Sunday, June 10, 2012

"Education is a Social Good That Creates a Stronger Nation"

When was the last time you heard anyone in America make the case that public education - from pre-K through graduate school - is intrinsically important to preserving democracy regardless of what it does for individual earnings potential?

For at least thirty years, if not longer, repugs have been pushing the myth that the purpose of education is to increase one's ability to make money. What they really mean is that the purpose of education is to churn out obedient corporate drones incapable of independent thought.

And if it's all about the money, then there's nothing to stop schools from raising tuition to ludicrous heights.

Nothing, that is, except tens of thousands of students in the street.

Jacob Remes in The Nation:

STUDENTS STRIKE IN QUEBEC: In late May, a Montrealer met a neighbor at one of the local casseroles, the boisterous marches that have captured the imagination of cities and towns across Quebec.

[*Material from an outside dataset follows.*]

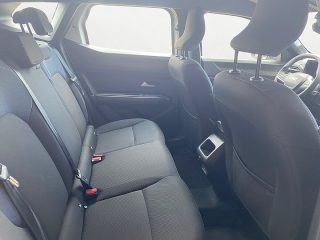Dacia Duster 1,2 TCe mHEV Expression | Winter Paket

Beating pots and pans to create the protest music that has filled the city’s streets, the neighbor asked: “When does the demo end?” There was only one possible answer: “It ends with the revolution.”

It is hard to imagine how the loud, joyous, spontaneous and illegal demonstrations that have been snaking their way through Quebec can end in any other way than with the fall of Liberal Premier Jean Charest. The initial spark that lit the protests was a plan to raise college and university tuition by a massive 75 percent over five years, ostensibly to better fund higher education without raising taxes. Students went on strike, refusing to go to class and blocking colleagues who tried. At its height, some 180,000 students were participating. After a dozen weeks, protesters augmented the classroom pickets with nightly demonstrations in Montreal, marked by occasional vandalism and considerable police violence. On May 18, the government tried to break the movement by passing the loi matraque, or “truncheon law,” which suspended the semester until August and imposed severe restrictions on the right to protest in groups larger than fifty. But Charest and his ministers grossly miscalculated.

Four days after the law was passed, as many as 500,000 protesters marched through Montreal, violating the government’s decree and thus participating in the largest act of civil disobedience in Canadian history. In protest of tuition hikes, students donned red felt squares to signify being “squarely in the red” while offering a broader critique of neoliberalism. Education should be neither a luxury good nor an individual investment in future earnings, the students argue, but rather a social good that the state provides to create a stronger nation.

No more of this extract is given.